Listing All Ancestors
Instead of just listing the parent in a child document, you could keep a list of all ancestors. For example, the 'Pencils' category could be structured in a document as
{productCategoryID: 'PC233', name:'Pencils', ancestors:['PC72', 'PC37', 'P01']}
This pattern is useful when you have to know the full path from any point in the hierarchy back to the root.
An advantage of this pattern is that you can retrieve the full path to the root in a single read operation. Using a parent or child reference requires multiple reads, one for each additional level of the hierarchy.
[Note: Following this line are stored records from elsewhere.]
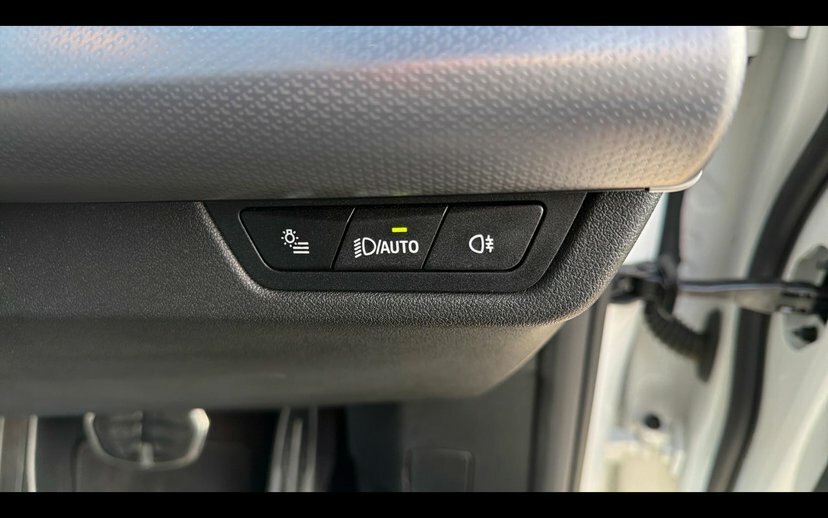 BMW iX2 150Kw Edrive20 M Sport 65Kwh Grey #24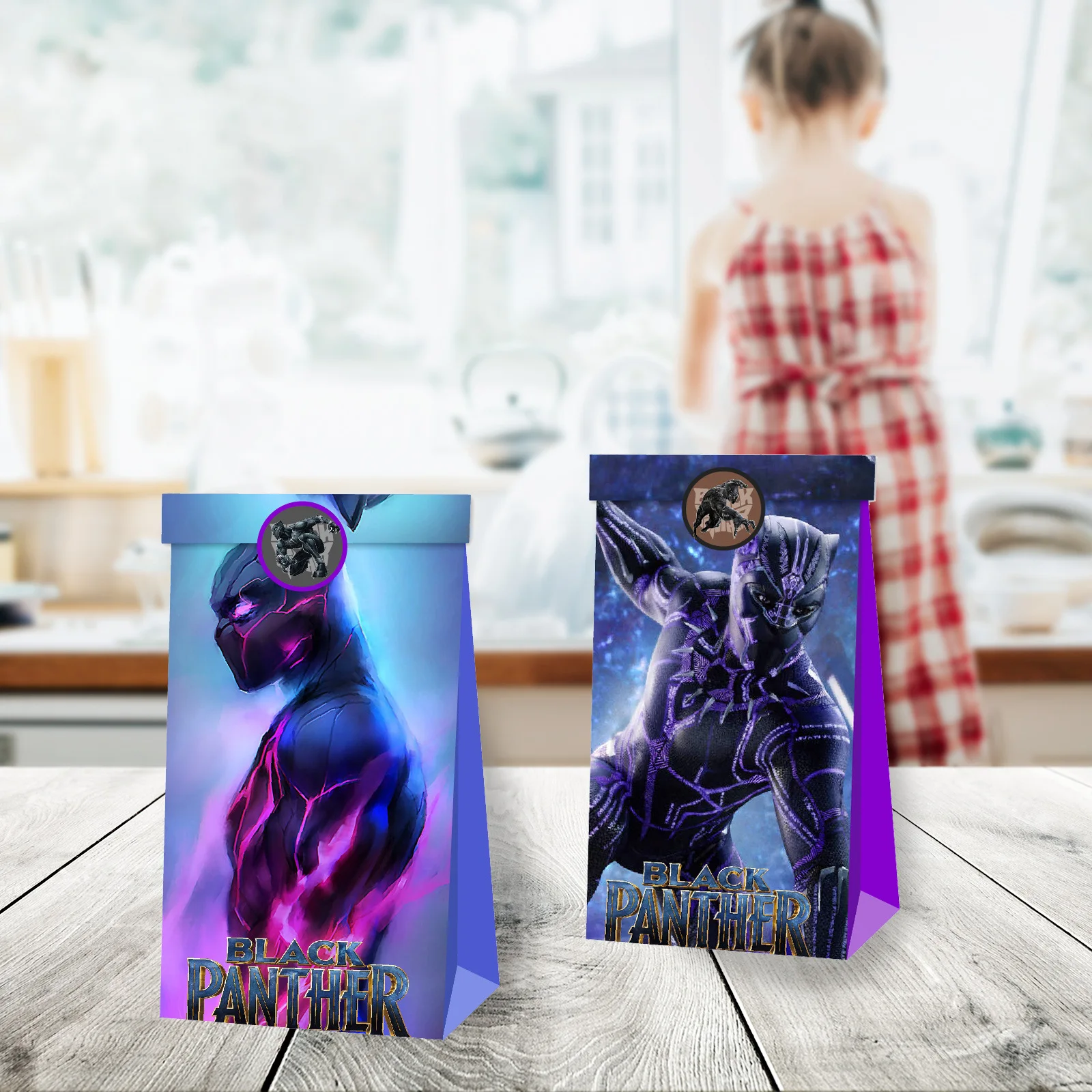 12/48Pcs Superhero Black Panther Paper Gift Bags Candy Box Birthday Party Decoration Kids Gift Bag Baby Shower Supplies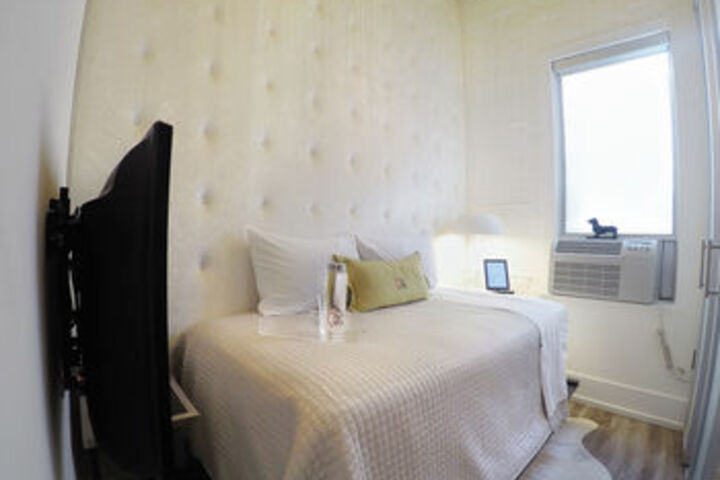 Be Sixfifty Hotel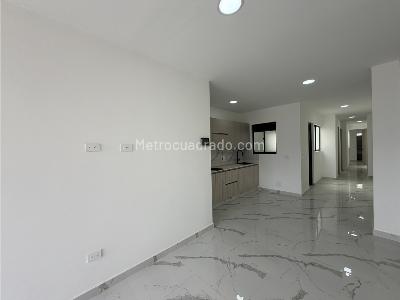 Apartamento de 2 alcobas en venta en Prado Centro, Medellín, 69 m² · foto 7 de 13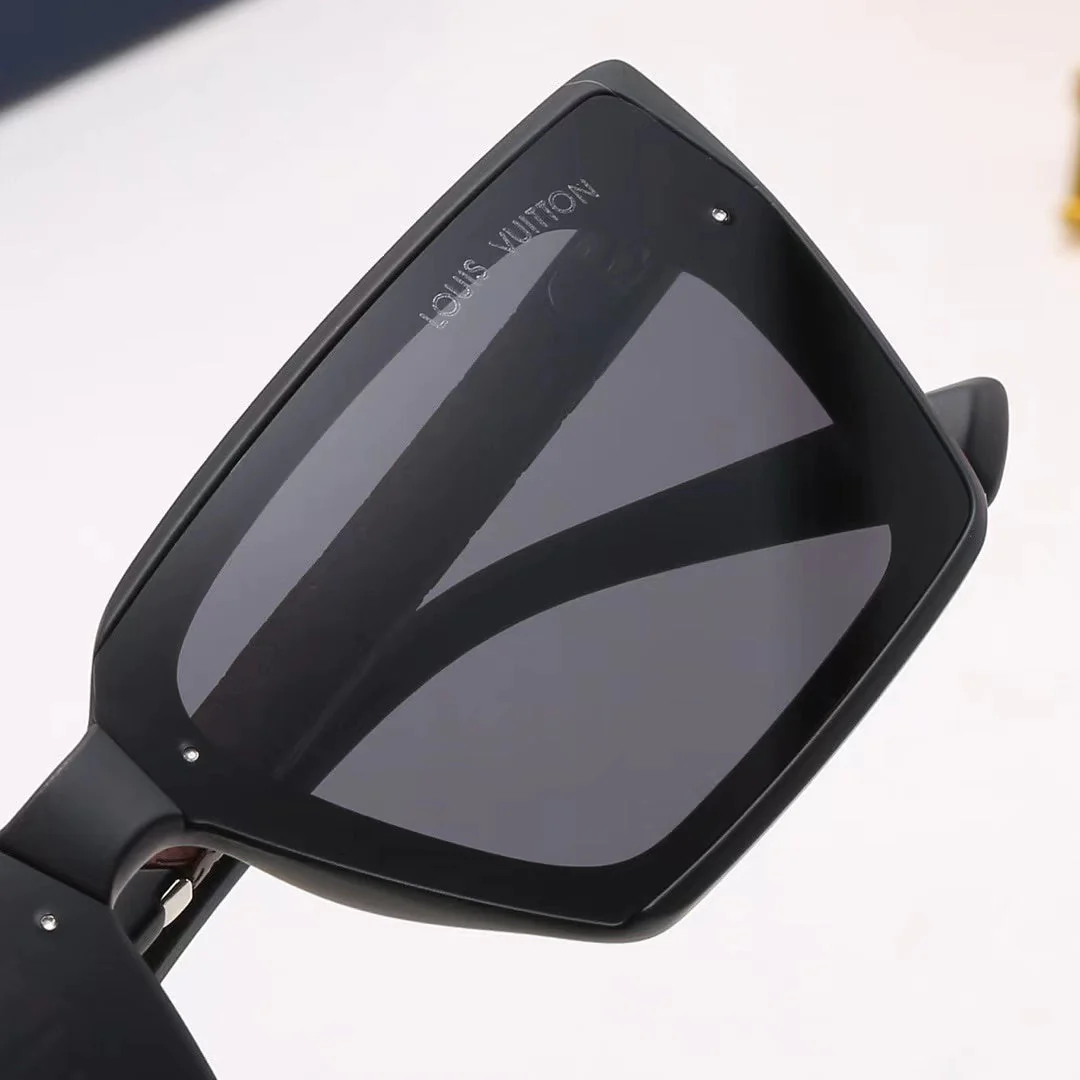 4-color fashion four-leaf clover print temple polarized sunglasses - Image 13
A disadvantage of this approach is that changes to the hierarchy may require many write operations. The higher up in the hierarchy the change is, the more documents will have to be updated. For example, if a new level was introduced between 'Product Category' and 'Office Supplies', all documents below the new entry would have to be updated. If you added a new level to the bottom of the hierarchy—for example, below 'Pencils' you add 'Mechanical Pencils' and 'Non-mechanical Pencils'—then no existing documents would have to change.